Berbicara.id – Komisi Pemberantasan Korupsi (KPK) akhirnya menetapkan lima tersangka dalam kasus dugaan korupsi dana iklan Bank Pembangunan Daerah Jawa Barat dan Banten (Bank BJB). Skandal ini menyeret nama-nama besar di internal bank plat merah itu, termasuk Direktur Utama Bank BJB, Yuddy Renaldi (YR), serta Pejabat Pembuat Komitmen (PPK) yang juga Kepala Divisi Corsec BJB, Widi Hartoto (WH). Tiga tersangka lainnya adalah para petinggi agensi periklanan, yaitu Ikin Asikin Dulmanan (IAD), Suhendrik (S), dan Sophan Jaya Kusuma (SJK).
Modus Klasik: Agensi Boneka, Tender Fiktif, dan Dana Non-Budgeter
Pelaksana Harian (Plh) Direktur Penyidikan KPK, Budi Sokmo Wibowo, mengungkapkan bahwa para tersangka diduga menggunakan agensi-agensi tertentu untuk menampung dan menyalurkan dana non-budgeter Bank BJB. Skema ini berjalan dengan cara menunjuk agensi tanpa proses tender yang sah. Lebih parah lagi, dari total anggaran iklan Rp 409 miliar sebelum pajak, hanya Rp 100 miliar yang benar-benar digunakan untuk keperluan iklan. Sisanya? Menguap entah ke mana.
“Dari Rp 300 miliar (setelah pajak), hanya sekitar Rp 100 miliar yang betul-betul dibelanjakan sesuai peruntukannya. Sisanya? Fiktif,” tegas Budi dalam konferensi pers di Gedung Merah Putih KPK, Kamis, 13 Maret 2025.
Tak berhenti di situ, penyidik KPK juga menduga bahwa Yuddy Renaldi dan Widi Hartoto terlibat aktif dalam mengatur pemenang proyek iklan tersebut. Dugaan ini semakin menguat setelah Yuddy tiba-tiba mengundurkan diri dari jabatannya sebagai Direktur Utama Bank BJB, hanya beberapa hari sebelum KPK mengumumkan penyidikan kasus ini pada 5 Maret lalu.
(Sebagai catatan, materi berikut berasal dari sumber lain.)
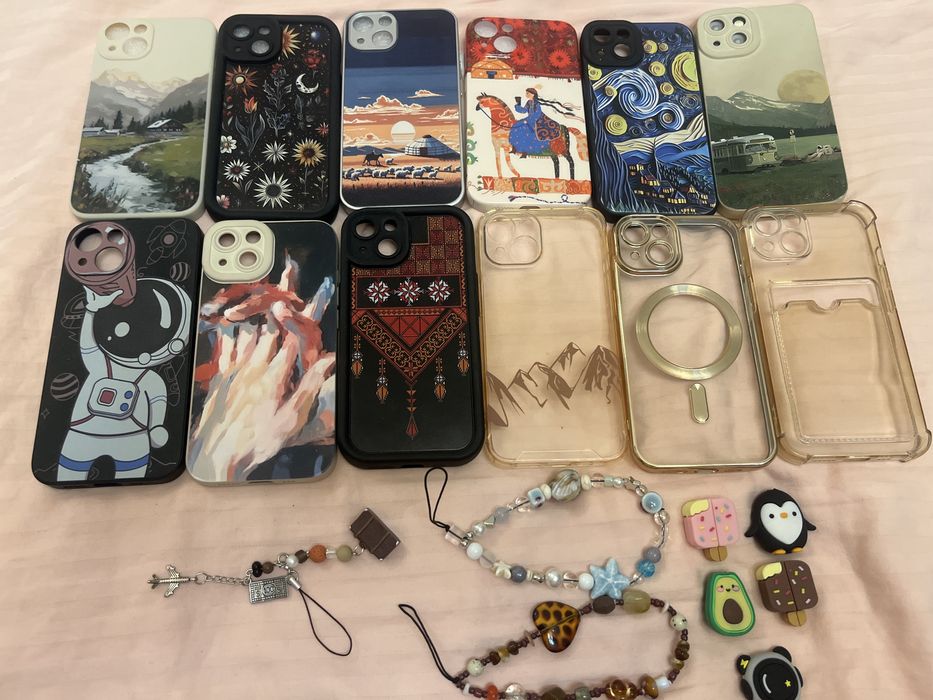 Чехлы на IPhone 13, подвески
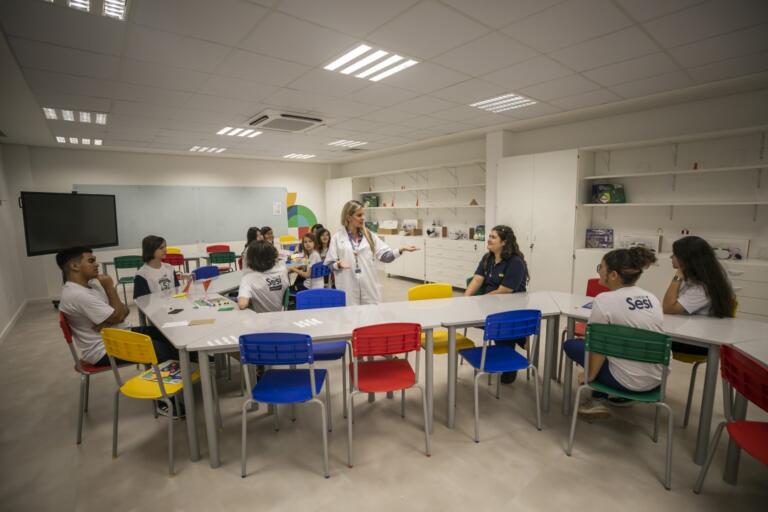 Sesi completa 77 anos de história no Paraná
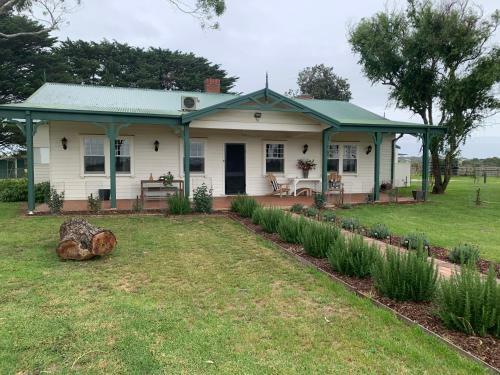Byfrons Phillip Island Farmhouse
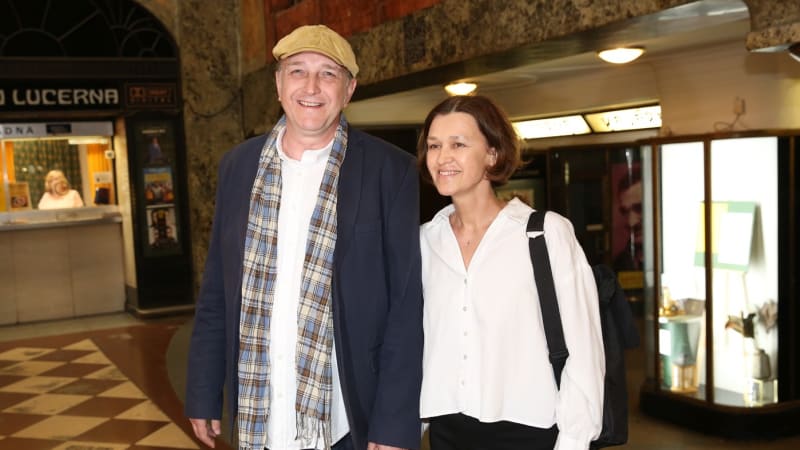 Soukromí herce Vondráčka: Syn, kterému dohodil herečku, ho udělal dědou. Manželka je učitelkou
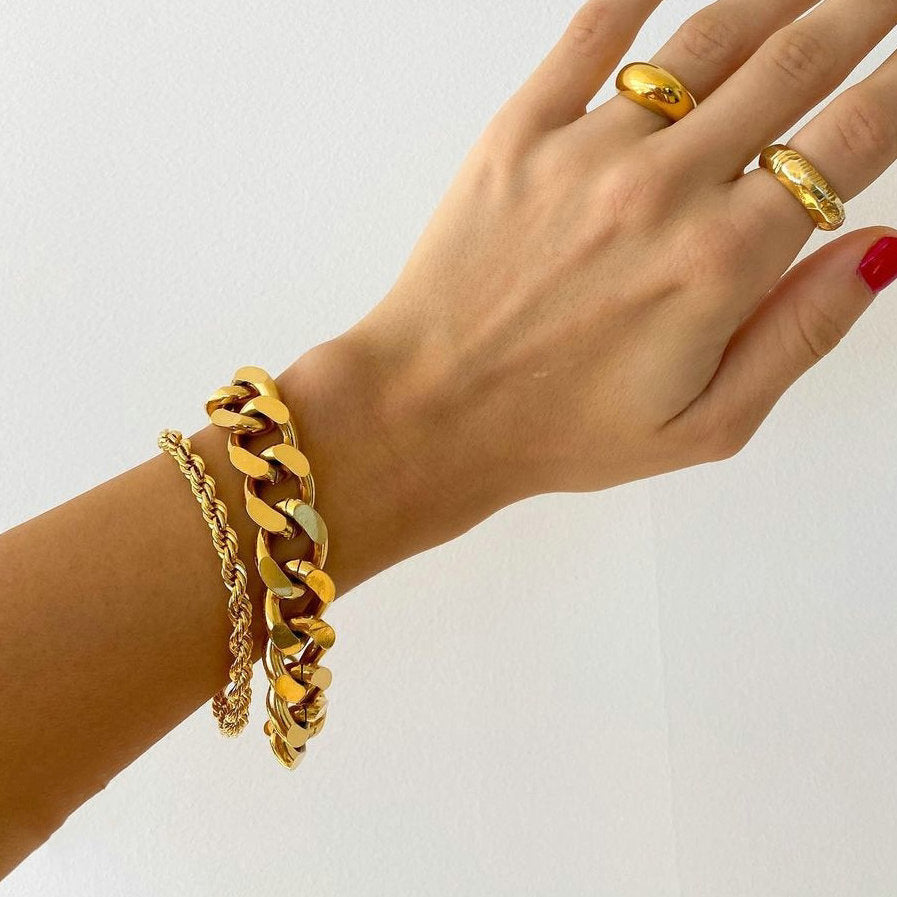 Twist Chain Bracelet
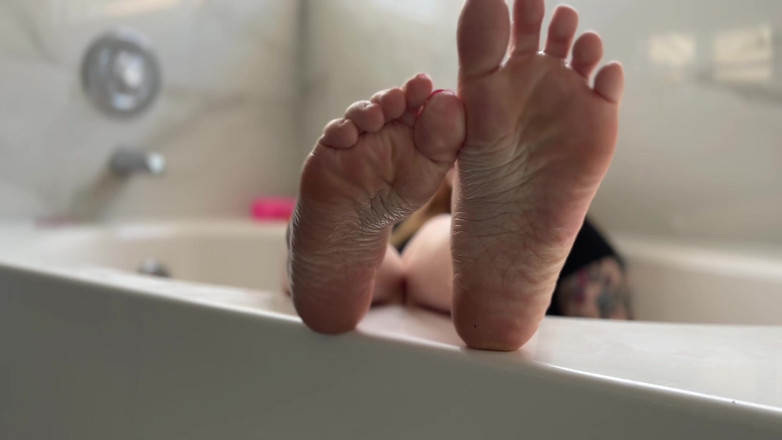 Lenna Lux: Жирні підошви, інструкція з дрочки крупним планом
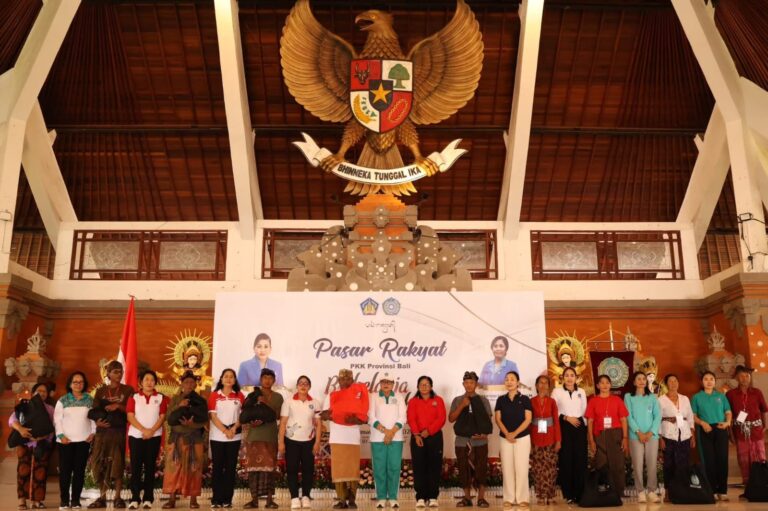 Pasar Rakyat TP PKK Bali di Tabanan Dorong UMKM dan Perkuat Semangat Berbagi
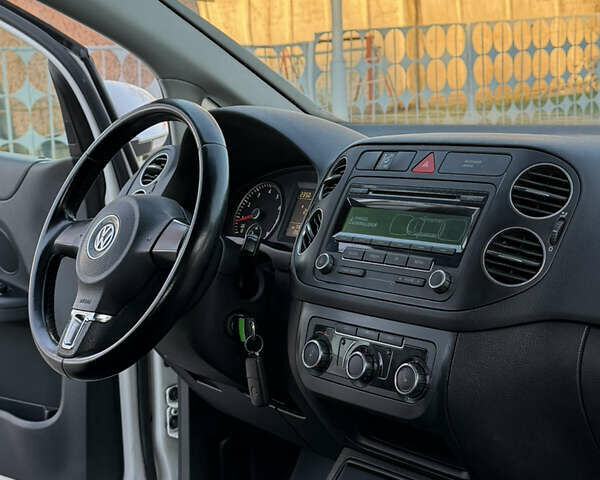 Белый Фольксваген Гольф Плюс, объемом двигателя 1.6 л и пробегом 200 тыс. км за 7999 $, фото 28 на Automoto.ua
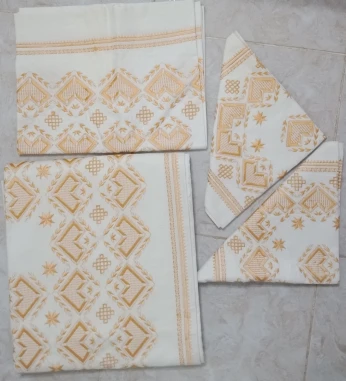 Drap brodé en doré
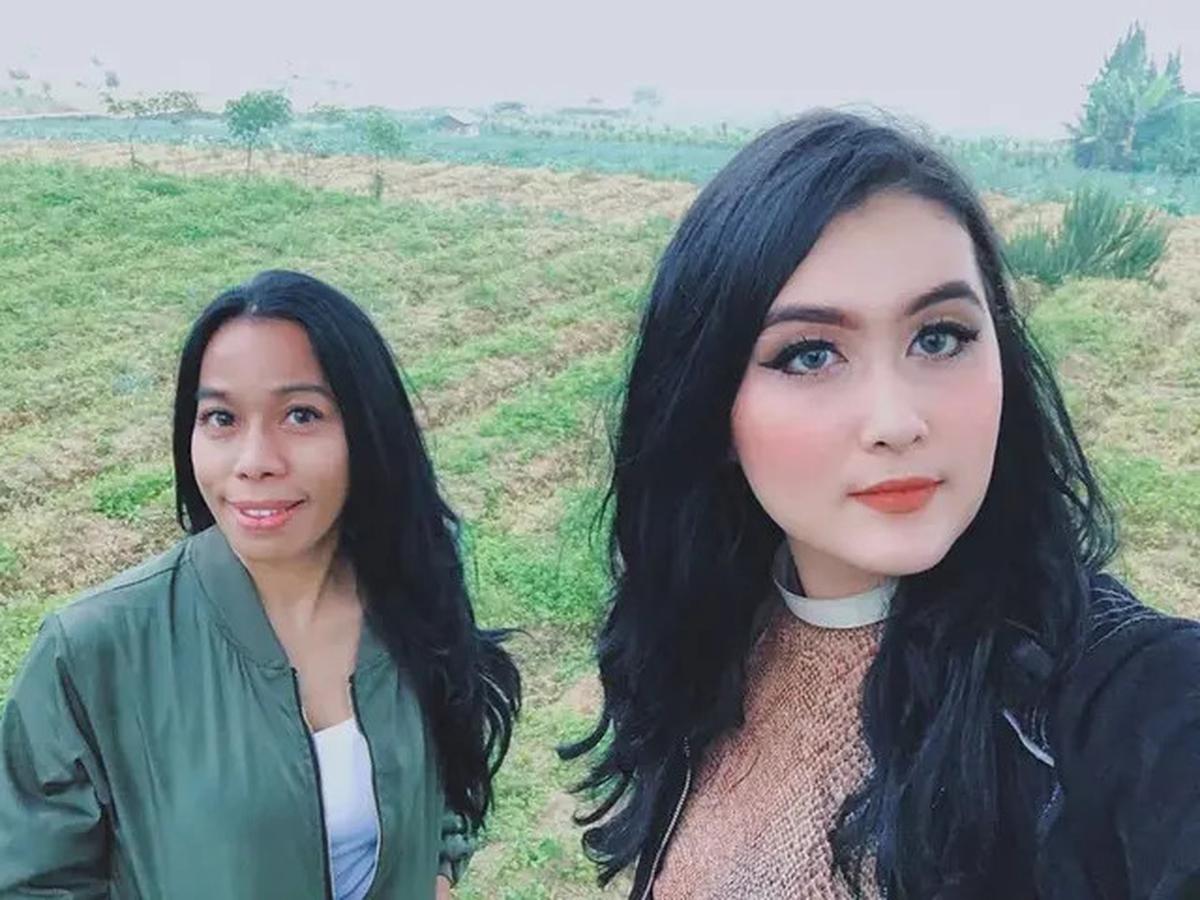 7 Potret Jadul Kebersamaan Talitha Curtis dan Ibunda, Penampilannya Curi Perhatian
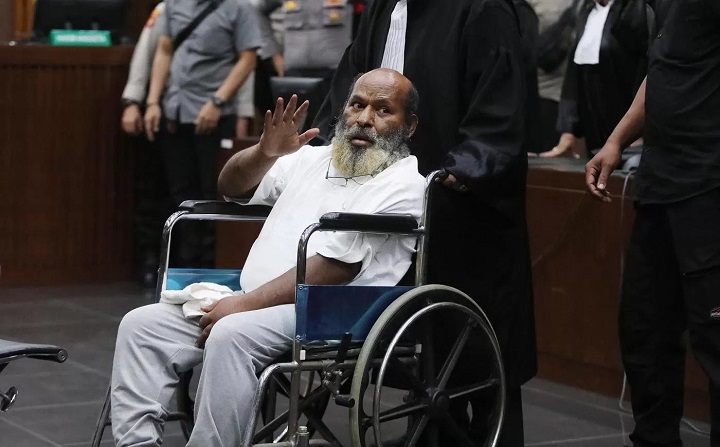 Ekspresi Lukas Enembe usai divonis di Pengadilan Tipikor Jakarta. Dalam banding, hukuman Gubernur Papua diperberat menjadi 10 tahun penjara dan kembalikan uang Rp 47 miliar.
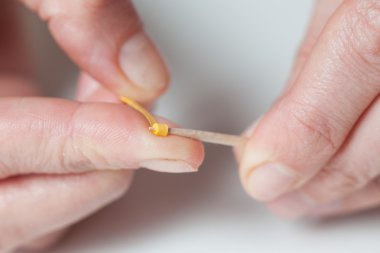 El yapımı kağıt çiçekler ve üretim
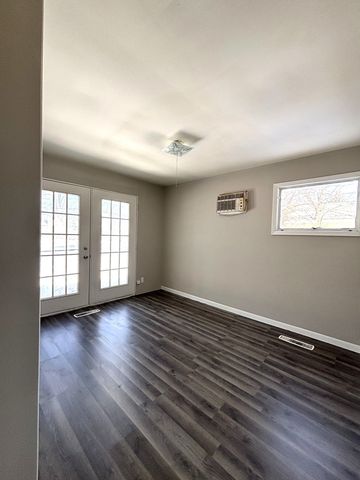 1320 S Wayside Drive, Villa Park, IL 60181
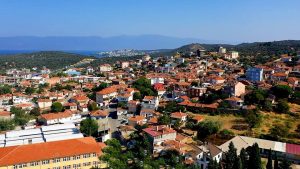 Balıkesir veya Bolu’nun ilçelerinden biridir.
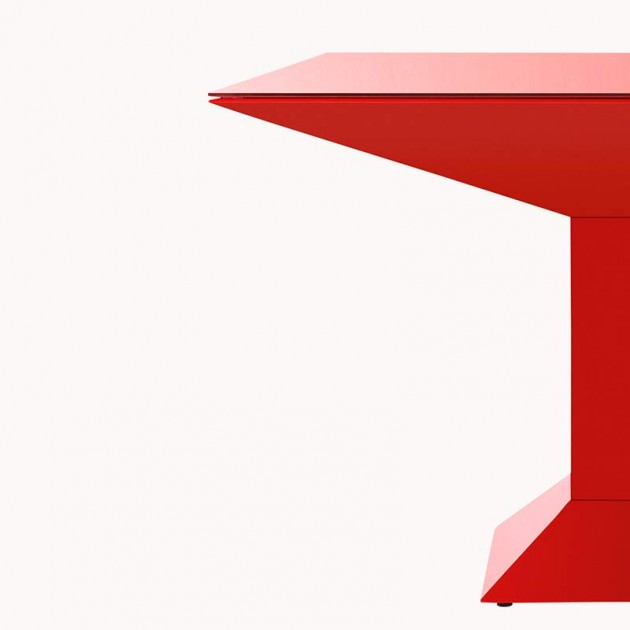 Mesa Mettsass roja detalle BD Barcelona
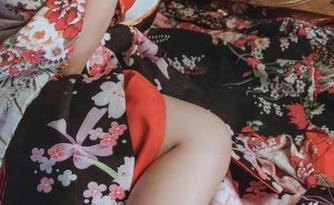 无颜小天使wy水手服美图合集：这画面不太对啊！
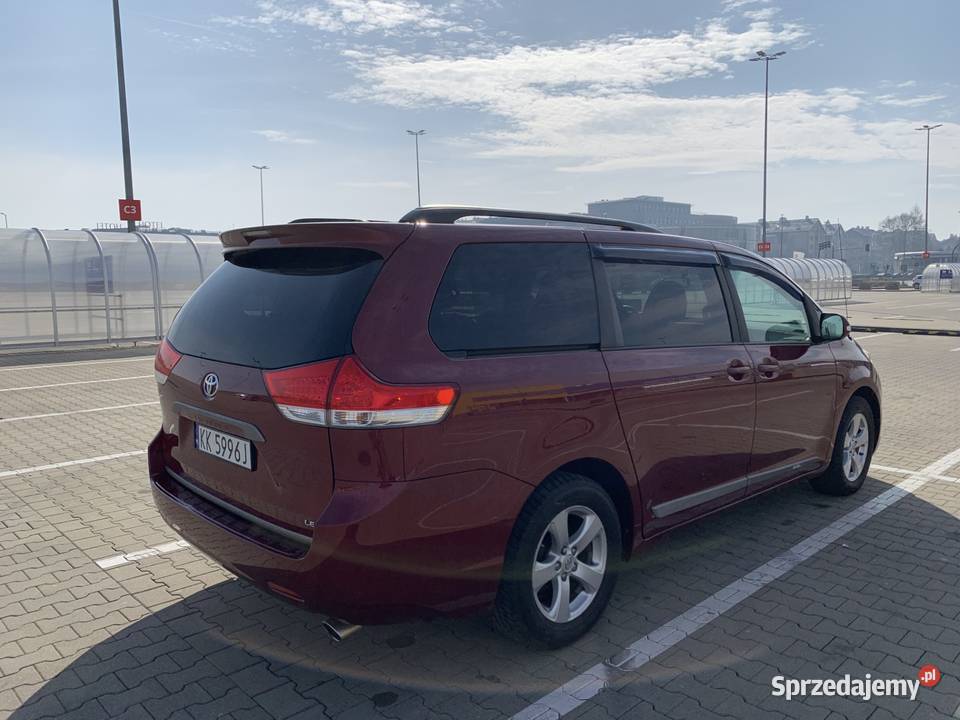 TOYOTA SIENNA 8 OSOB FRA VAT 23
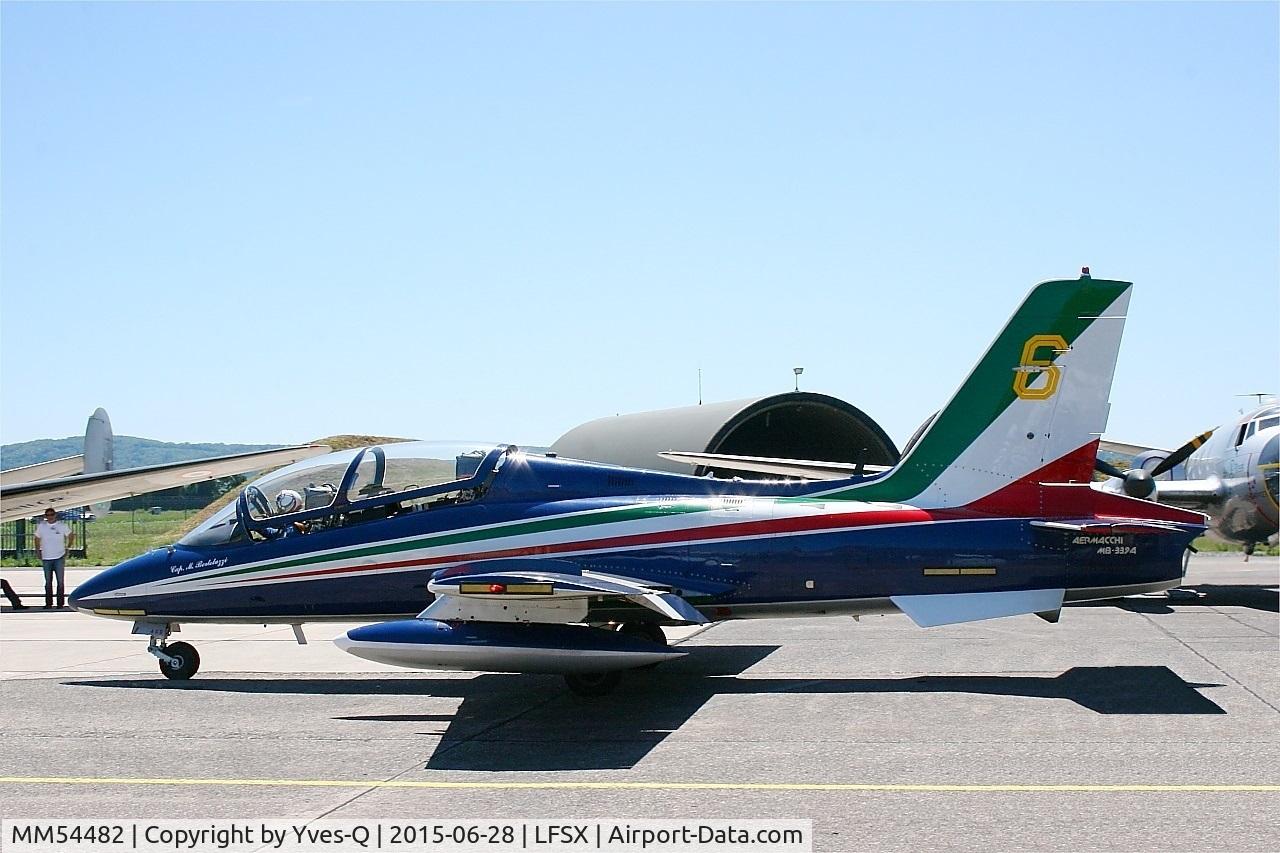 MM54482, Aermacchi MB-339PAN C/N 6677/072/AD011, Aermacchi MB-339PAN, N°6 of Frecce Tricolori Aerobatic Team 2015, Luxeuil-Saint Sauveur Air Base (LFSX)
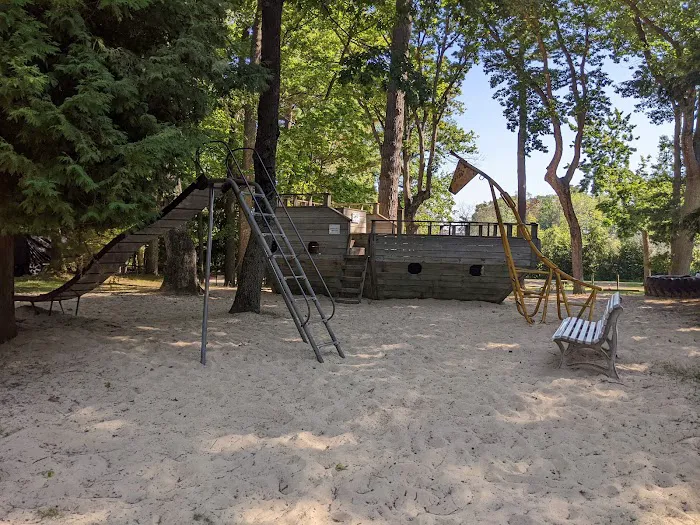 Whispering Surf Campground at Bass Lake Picture 6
Benang Merah ke Ridwan Kamil?
Kasus ini semakin panas setelah KPK menggeledah beberapa lokasi di Bandung, termasuk rumah mantan Gubernur Jawa Barat, Ridwan Kamil (RK). Dalam pernyataannya, RK membenarkan bahwa tim KPK mendatangi kediamannya dan menunjukkan surat tugas resmi.
“Kami kooperatif dan mendukung penuh KPK dalam penyelidikan ini,” ujar RK dalam keterangan resminya pada 10 Maret 2025. Namun, ia enggan memberikan detail lebih lanjut soal penggeledahan tersebut dan meminta agar media menanyakannya langsung kepada KPK.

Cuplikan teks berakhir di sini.